* _Data for this task_
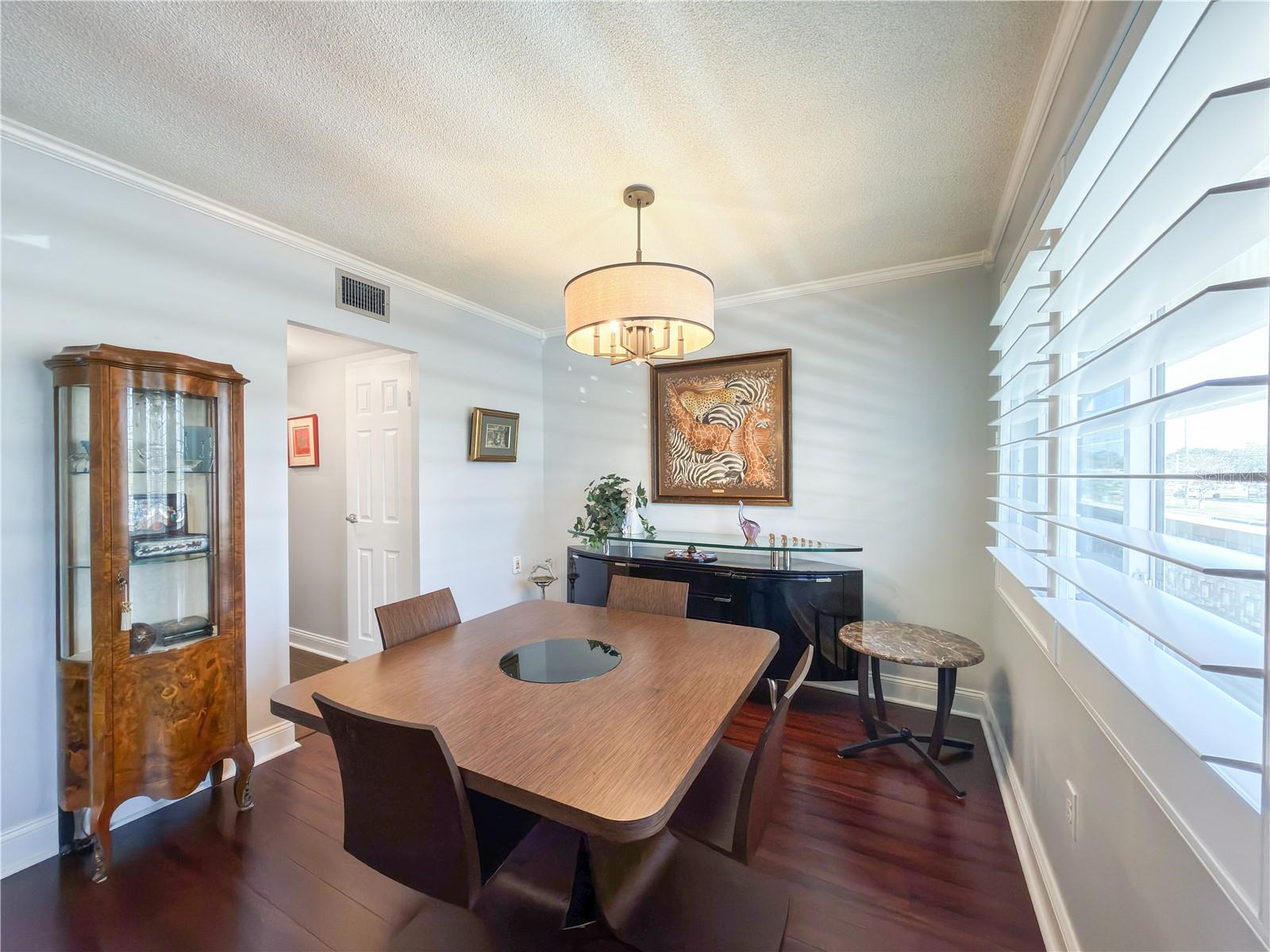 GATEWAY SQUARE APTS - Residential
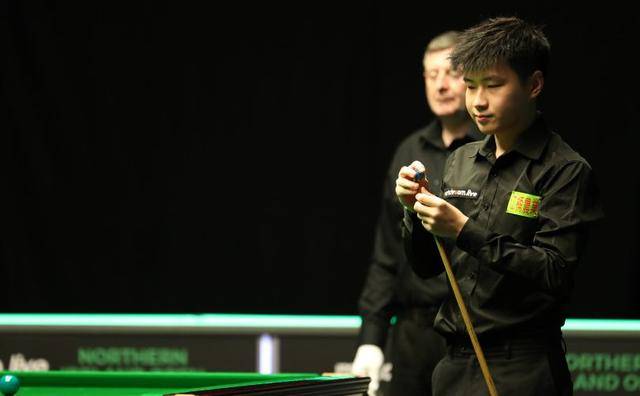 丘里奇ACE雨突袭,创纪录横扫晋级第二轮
--
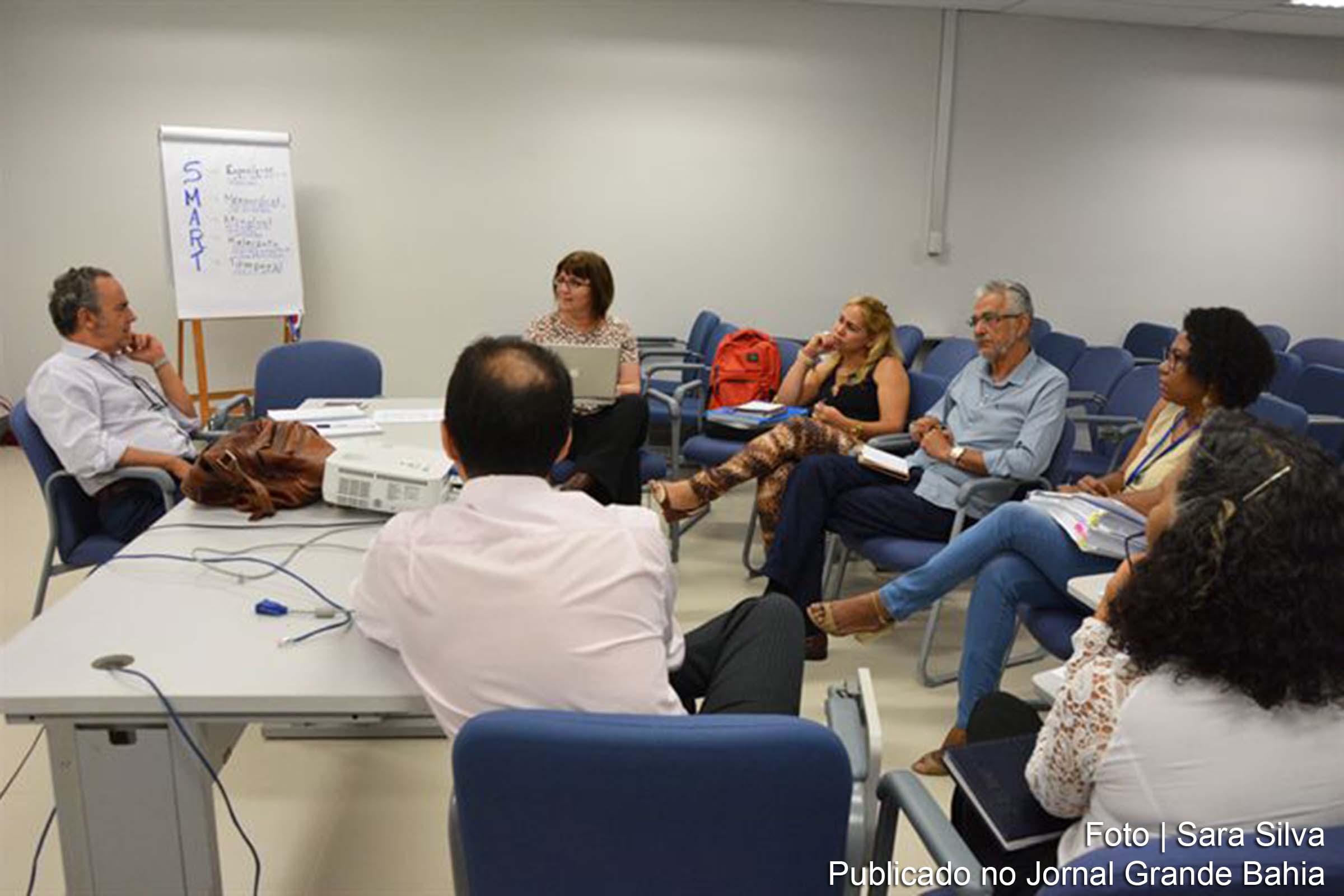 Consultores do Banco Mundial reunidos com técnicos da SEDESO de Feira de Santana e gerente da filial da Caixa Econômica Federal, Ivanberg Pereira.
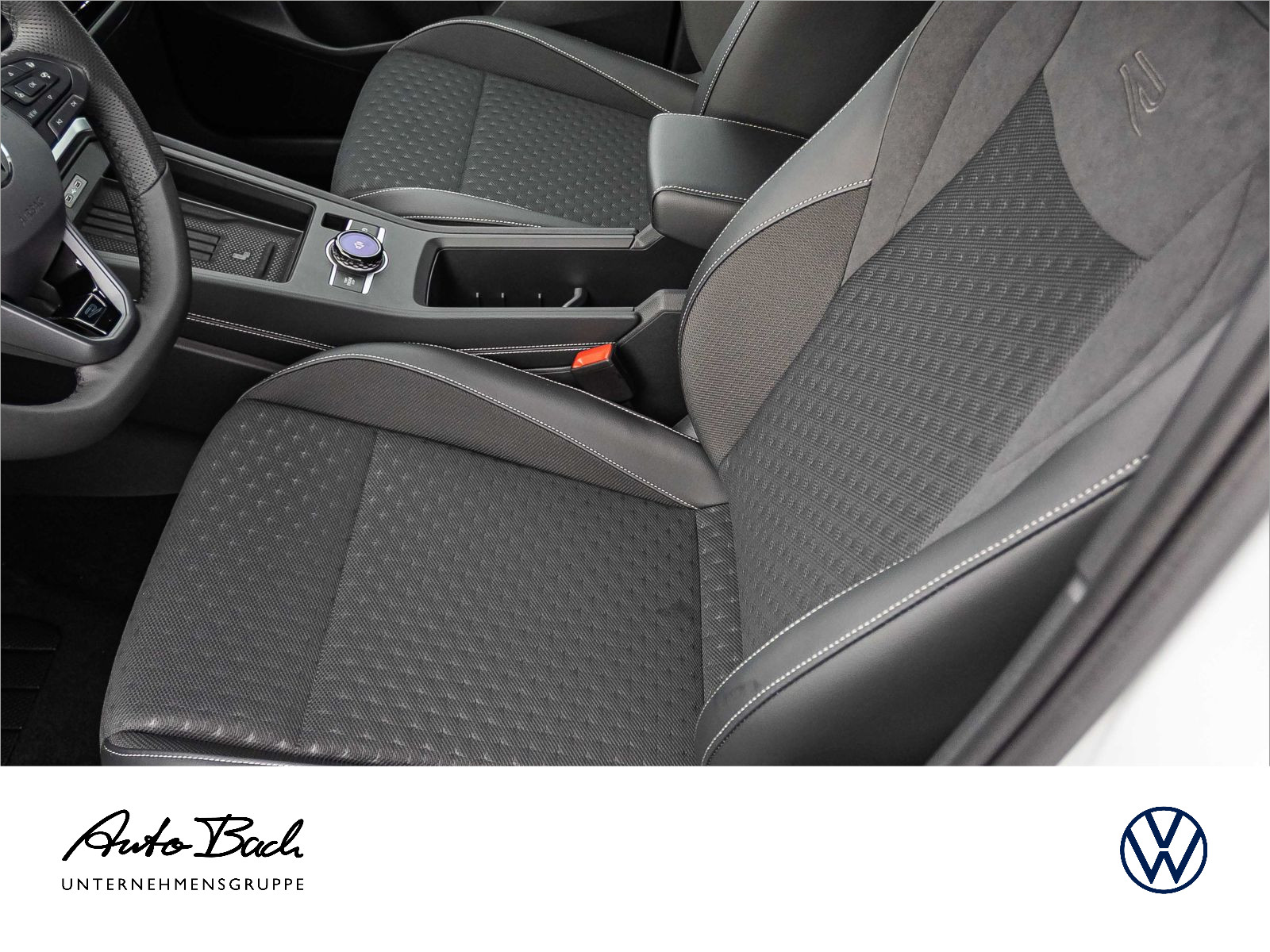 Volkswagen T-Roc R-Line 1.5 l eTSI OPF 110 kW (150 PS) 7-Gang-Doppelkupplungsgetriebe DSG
* * *
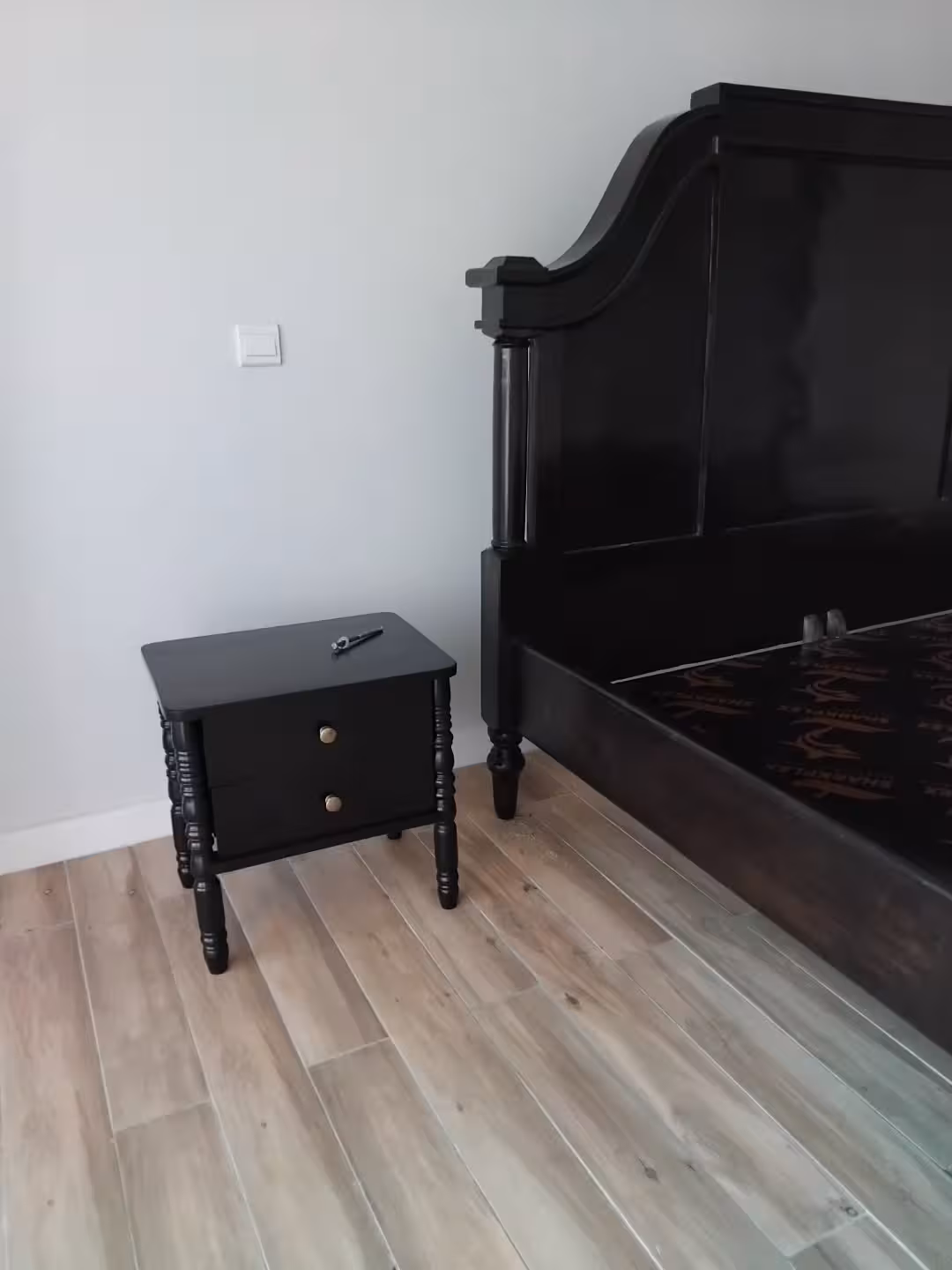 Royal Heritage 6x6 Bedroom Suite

* _Activity_
Reproduce the lines above beginning at the line that contains "GATEWAY SQUARE APTS - Residential" and ending at the line that contains "丘里奇ACE雨突袭,创纪录横扫晋级第二轮". No pictures.

* _Your solution_
 GATEWAY SQUARE APTS - Residential
 丘里奇ACE雨突袭,创纪录横扫晋级第二轮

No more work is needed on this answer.